David - I am curious about what government statistics -- not forecasts, but statistics -- you think are the result of political pressure.

You frequently use your personal experience to inform your excellent articles. You are probably most confident when a topic hits the sweet spot of your experience.

Personally, I have worked in a government research operation and taught mid-career government professionals in a graduate program. I have former colleagues who have entered the public service. This experience helps me to identify issues and sources where politics is involved. From the perspective of my experience, the idea that routine data releases are manipulated for political effect is not only mistaken, it is silly.

Here is a small suggestion. The BLS is not so far from you. Have a visit for an hour or two. They would be happy to talk with you. Then see if your opinion is the same.

Thanks for your comment and support for the "debate" idea.

Jeff

Harry

While I agree that the creators of these monthly government reports are upstanding citizens and I also agree that it is inordinately hard to explain all the statistical caveats and assumptions that underlie the statistics in these reports. However, I think this also misses the point of the manner in which these reports are disseminated. That is, the reports are highlighted by business news pundits or octobox talking heads who talk their book.

So if you look at today's Retail Sales numbers the CNBC pundits will focus on the 0.5% growth but not review further why that number is much higher than the the previous month.

One quick look through the summary statistics that when aggregated generate the headline number will show that the majority of the growth is from Gasoline stations, meaning oil prices are the reason for the jump in retail spending. This probably mitigates any upside benefit that the headline number implies.

If you did bring in a Census bureaucrat, s/he would explain in a long-winded fashion an explanation that implies a lot of the uncertainties these that these numbers necessarily contain, including a warning similar to the paragraph above.

If you pitted that person versus a blogger like Barry Ritholtz I think you would have a fairly collegial interview that would not make for great television. Thus, most people are stuck with CNBC and its better television, while a few people actually read the figures and (hopefully) make money in the long run.

jbr

Before one can say that they don't believe in something they should know what it is they are questioning - the methodology, sampling error, assumptions, limitations of the approach, leading/lagging bias as pertaining to the economic cycle, etc.

Sure, there may be lots of reason for scepticism but more often than not it will be because of 1) methodology issues or 2) misunderstanding of what the data actually captures rather than the data itself.
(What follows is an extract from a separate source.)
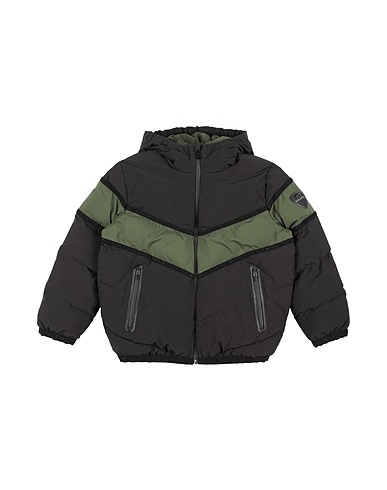EA7 Steppjacke Schwarz 92% Polyester, 8% Elastan, Polyamid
For example, inflation data could be misleading if the basket being measured leaves out certain asset prices or is adjusted in some way that distorts the popular notion of inflation. The devil always lies in the details.
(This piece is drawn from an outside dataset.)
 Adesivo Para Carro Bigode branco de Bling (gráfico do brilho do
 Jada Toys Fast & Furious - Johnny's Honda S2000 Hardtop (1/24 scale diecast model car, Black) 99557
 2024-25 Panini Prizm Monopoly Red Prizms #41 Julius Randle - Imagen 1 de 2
Lastly, I want to thank you for your posts on understanding some of the economic data and in general keeping things sober.

www.google.com/accounts/o8/id?id=AItOawmVfqVqMVnx-8sLXEoRoiPyQOYtbSdGfXY

PS -- aside from the weird Google Accounts jive -- I am David Merkel and I am not trying to hide it.

www.google.com/accounts/o8/id?id=AItOawmVfqVqMVnx-8sLXEoRoiPyQOYtbSdGfXY

Dr. Jeff, some bloggers are experts -- the categories are not mutually exclusive. Also, the American way is to not give the benefit of the doubt to the government. The bureaucrats have their own pressures that they face from politicians and business interests.

But I am a reasonable guy, and I say, let the debate begin. Let a highly trained defender of government statistics debate a detractor. I would find that fun, and my opinion is malleable in this matter, so maybe my opinion would change, which is middling; I trust some government statistics and not others. It depends on the level of political pressure involved.

Paul in Kansas City

jeff this article is an example of why i love your site. i like to believe i am better thinker because of it.